Paracha, 75, was arrested from Thailand two years after the 11 September 2001 attacks on the US and was accused of being an al-Qaeda sympathiser, reports the BBC.
However, he has maintained his innocence and claimed a love for the US.
Paracha, who studied in the US, had an import-export business supplying major US retailers. US authorities accused him of having contact with al-Qaeda figures, including Osama bin Laden and Khalid Sheikh Mohammed. In 2008, Paracha's lawyer said the businessman had met bin Laden in 1999, and again a year later, in connection with the production of a television programme.
"The Foreign Ministry completed an extensive inter-agency process to facilitate the repatriation of Mr Paracha," Pakistan's foreign ministry said in a statement on Saturday (29 October).
In May, the US approved Paracha's release concluding only that he was "not a continuing threat" to the US.

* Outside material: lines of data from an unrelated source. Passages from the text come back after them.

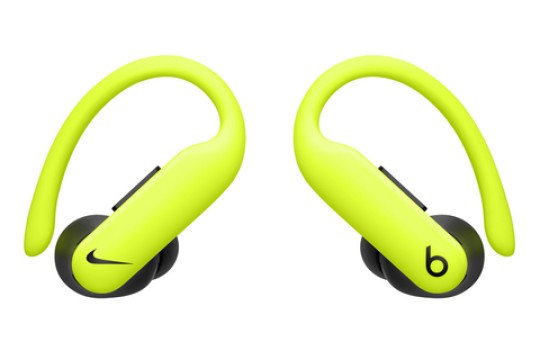 The Swooshوهو شعار شركة Nike يلتقي بـ "b": Beats وNike تكشفان عن أول تعاون تاريخي على الإطلاق لسماعات Powerbeats Pro 2
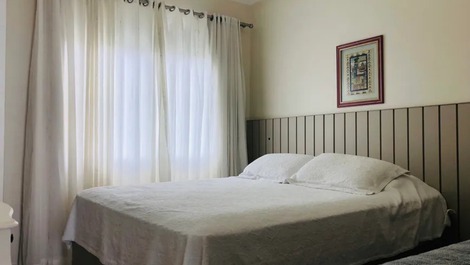 Casa con 4 habitaciones de temporada.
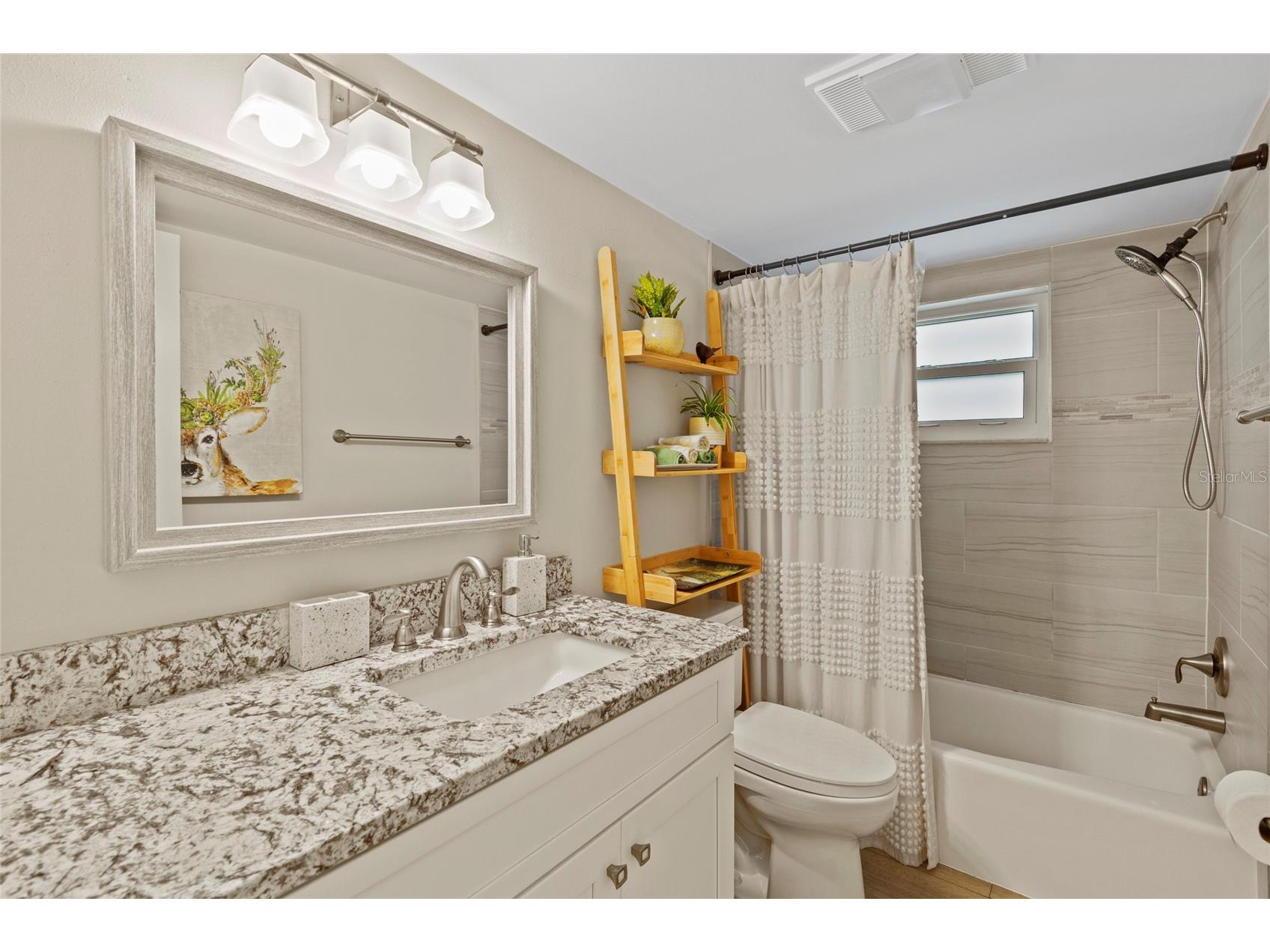 5612 Palm Aire Drive Sarasota FL 34243 A4683581 image11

Like most prisoners at Guantanamo, Paracha – aged 74 or 75 – was never formally charged and had little legal power to challenge his detention, reports Al Jazeera.
Guantanamo Bay was established in the wake of 9/11 to hold suspected al-Qaeda members captured during the invasion of Afghanistan in 2001. Of the 780 inmates held during the US's so-called "war on terror", 732 were released without charge. Many of them were imprisoned for more than a decade without legal means to challenge their detention.
Since it first opened, Guantanamo has become notorious for human rights abuses and the fact that the US administration did not consider its prisoners to be entitled to any protection according to international laws.
US President Joe Biden is under pressure to clear out uncharged prisoners at Guantanamo and move ahead with the trials of those accused of having direct ties to al-Qaeda.
Among the roughly 40 inmates left are several men who allegedly had direct roles in 9/11 and other al-Qaeda attacks.